I became a devotee because I identified with the pain and struggle so plaintively captured in the confessional style of her first three albums--my eventual estrangement came about when Amos came to terms with her life, started writing less compellingly about herself, and became something of a Joseph Campbell of pop music, doing enough research into the nature and power of myth to write and defend one hell of a dissertation for a PhD in cultural anthropology, but cramming it instead into one album after another, each more esoteric than the last.
I mention all of this because I have begun recently to resolve my love-hate feelings about Amos with the help of a book she co-authored with (good) rock journalist Ann Powers. The tome is titled Tori Amos: Piece by Piece, and it is an extraordinarily intimate gaze at her life as an artist, as a person, and as a personality.

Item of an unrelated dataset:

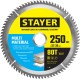 STAYER Multi Material, 250 х 32/30 мм, 80Т, супер чистый рез, пильный диск по алюминию и пластику (3685-250-32-80)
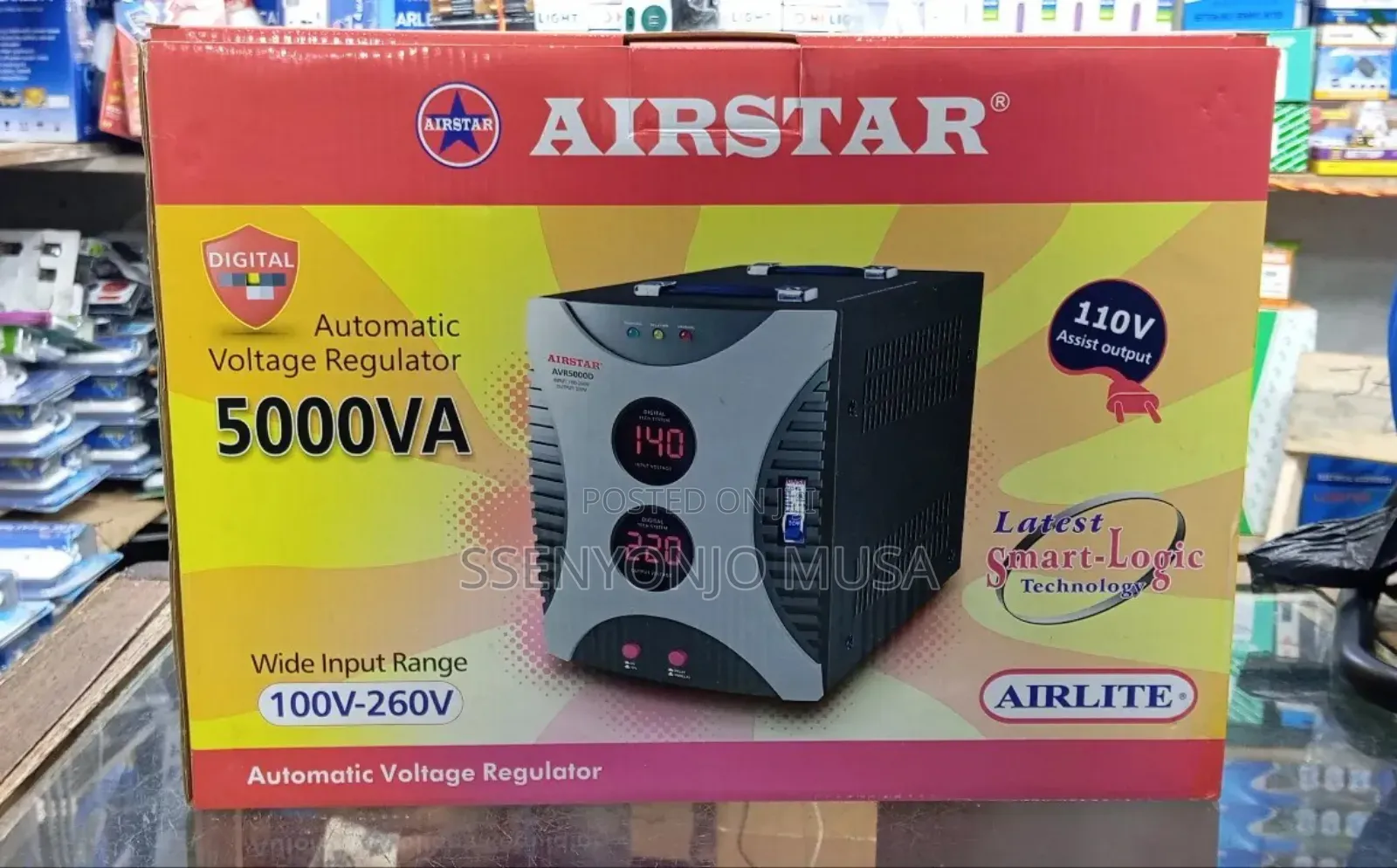 Airstar 5000va Voltage Stabilizer for Electronics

I once thought Tori's muse had been lost once she stopped singing about breakups and miscarriages, and that the sonic reimagination of her composition and production styles that took place with from the choirgirl hotel was mostly a result of the new studio she'd built for herself and her fascination with the accompanying bells and whistles. How astonishing to discover that even I, who have invested thousands of dollars in her music and have been a diligent listener for ten years, could have so misjudged her motives.
We expect very little from pop musicians: they sing chiefly about love or the lack of love, they craft memorable and unchallenging tunes which are arranged and produced in pretty much standard format, they tour around the country every summer and perform these same songs for us live, and they consent to be interviewed for publications like Rolling Stone, where they expound on their own songwriting and "artistic" abilities, arguing that they are the exception to the mass-marketing rule, making us feel better about not only purchasing, but enjoying, their music.

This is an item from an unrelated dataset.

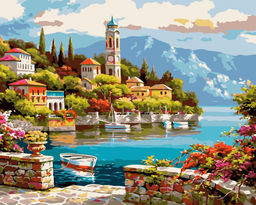 Алмазная мозаика на подрамнике 40х50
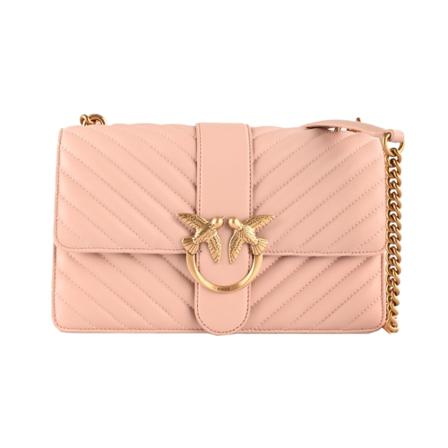 Pinko, Bag 1p 22uh_a 03z-o 81q Roze, Dames, Maat:ONE Size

Tori Amos expects a lot more from us. Yes, her lyrics can seem almost nonsensical. Yes, she talks about mysticism and New Age-y topics that can make some of us uncomfortable. But she's been playing the piano now for about forty years, and has been composing for let's say thirty-five, so she is the ultimate rarity in pop music--an actual musician--and the complexity of both her writing and producing reflect as much. So what's really happening with Tori is that she's working as an artist in the altruistic sense--rather than playing down to our expectations, she's talking about what she wants to talk about, saying it how she wants to say it, and we can all de damned if it seems out there or unapproachable. She knows her audience, and knows her commercial limitations, so she doesn't care about her marketability. Besides, the fact that she's not as easy to listen to as, say, Sarah McLachlan (Tori's less talented, safer doppelganger) doesn't keep her from selling out Radio City for three nights, as she happily points out in the book.
Tori's newest album, The Beekeeper, will be released February 22. I am eagerly looking forward to it, and dreading it slightly, since the last few albums have been a little disappointing. But I'm grateful for Piece by Piece -- and I encourage both her fans and those who find her interminably annoying to read it--because whatever I think of the record, I'll at least have a little more insight into why she's done what she's done. I'm holding out, though, for one more agonized piano ballad to listen to, alone in the dark with my Tori-style pain.